Monday, September 19, 2005

COMMON SENSE

We are suddenly confronted with a catastrophe which is both crisis and opportunity. Can we start with what my mother always considered the three basic questions to ask in such a situation:

What do we have lots of?

What do we need?

How do we turn what we have lots of into what we need?

Any comments on any of these points will be passed on to readers. My own immediate reactions: one of the things we have lots of is good ideas.
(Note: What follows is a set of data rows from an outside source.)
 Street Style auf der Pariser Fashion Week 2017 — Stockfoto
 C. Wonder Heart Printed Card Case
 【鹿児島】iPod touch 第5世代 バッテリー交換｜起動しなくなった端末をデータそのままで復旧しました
Let's not let them go to waste.

Another thing we apparently have lots of is good will and eagerness to contribute.

What we need is, first of all, some way to meet the government's inescapable deficit from meeting relief and reconstruction needs without (given the tax priorities of God's Own Party) raising taxes.
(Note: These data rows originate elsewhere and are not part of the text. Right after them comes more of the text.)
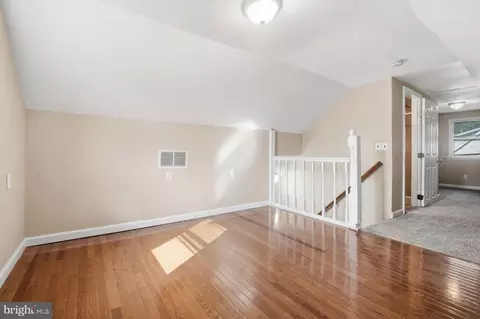Entry Way - 8444 Garden Rd, Pasadena, MD 21122 photo 1 of 1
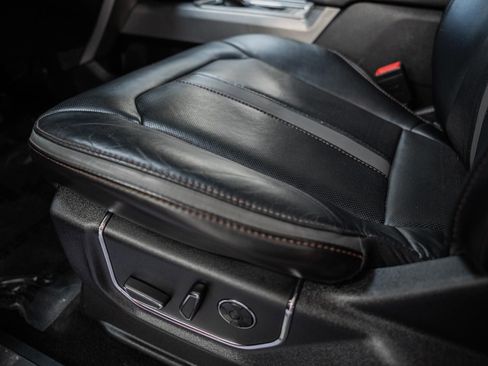 Used 2018 Ford F150 Platinum w/ Equipment Group 701A Luxury image 44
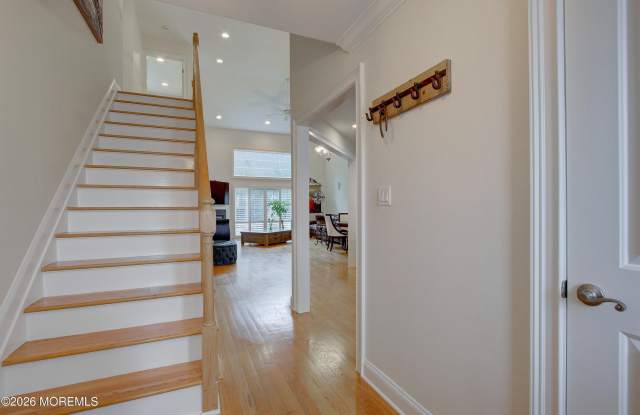 124 Birch Avenue Gallery 3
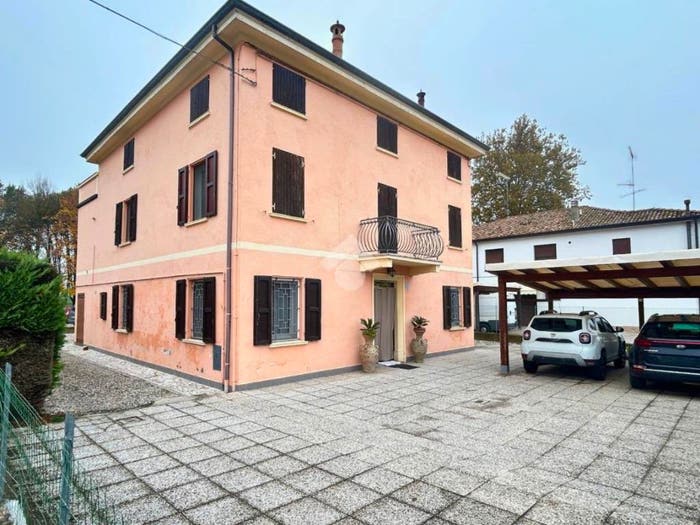 Appartamento trilocale in vendita in Via Prov Inferiore, Centro, Molinella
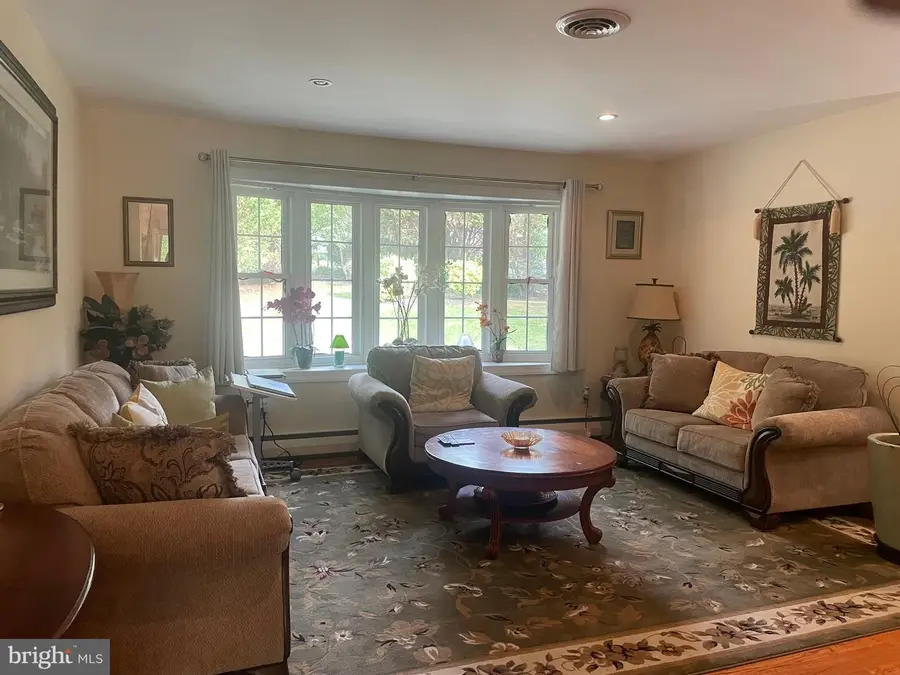 11007 Phillips Dr, Upper Marlboro, MD 20772 - #3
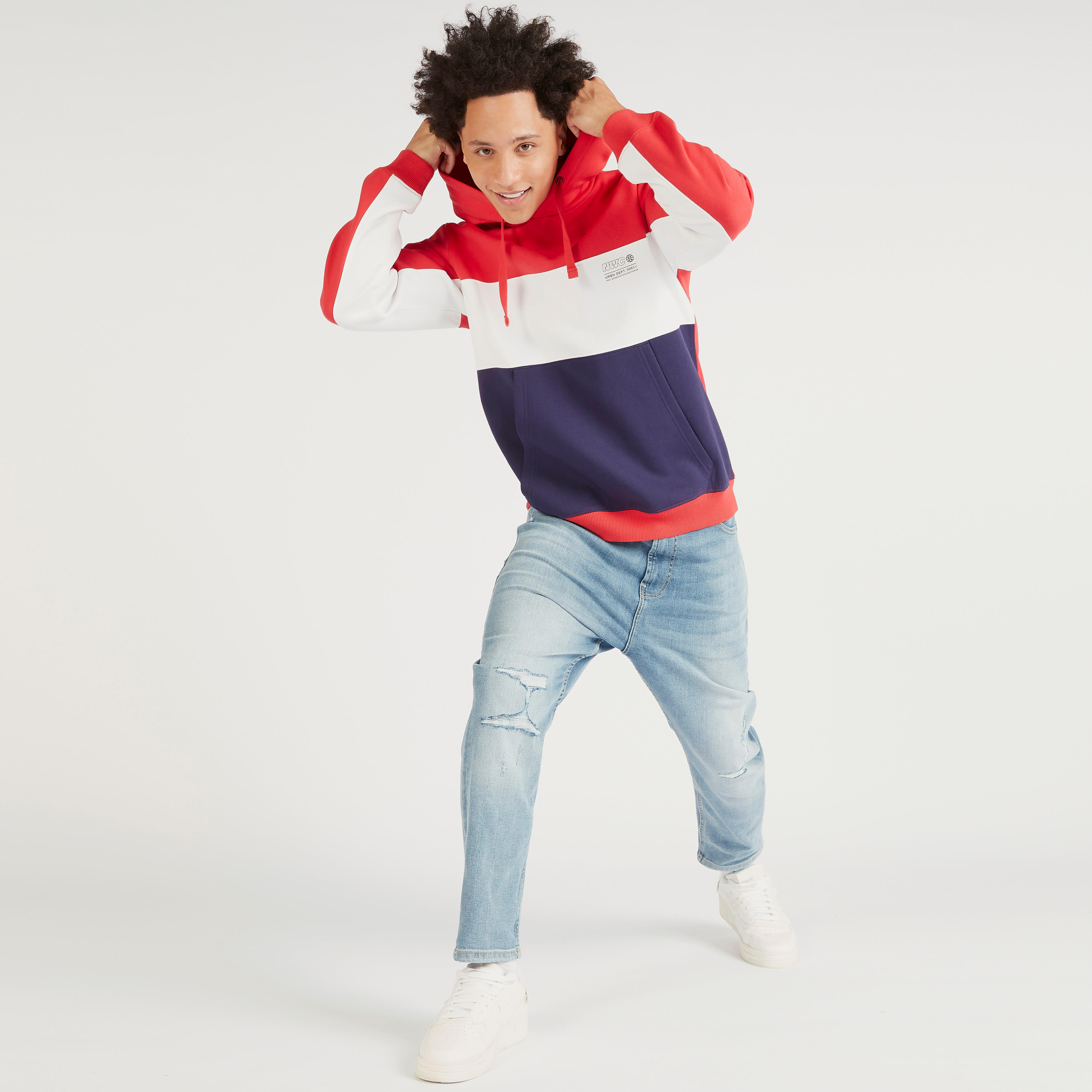 سويت شيرت كتل ملونة بقبّعة وأكمام طويلة-men-winterwear-hoodiesandsweatshirts-image-5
Another thing we need is a way to encourage Americans to save more--we have one of the lowest rates of saving in the Western world, and we now know that retirees can no longer count on employer pensions to provide for them.
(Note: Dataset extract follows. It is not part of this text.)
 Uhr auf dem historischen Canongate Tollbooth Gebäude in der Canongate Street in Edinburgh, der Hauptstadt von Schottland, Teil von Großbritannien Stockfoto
So: can we turn that energy and eagerness into a solution for the deficit and the relief needs of the Gulf Coast by starting a government relief bond drive? My husband is an old-time radio junkie, so I spend a lot of time overhearing broadcasts from World War II, when every other commercial urged the listeners to buy war bonds. Lots of them did, apparently, much to the benefit of the war effort. It was a way of harnessing the popular energy at the home front behind the "good war." Why can't we do this again? Use relief bonds as a way to both pay for Katrina relief and reconstruction, and fund the retirement of today's workforce. Please, pass this on. It's an idea whose time has come.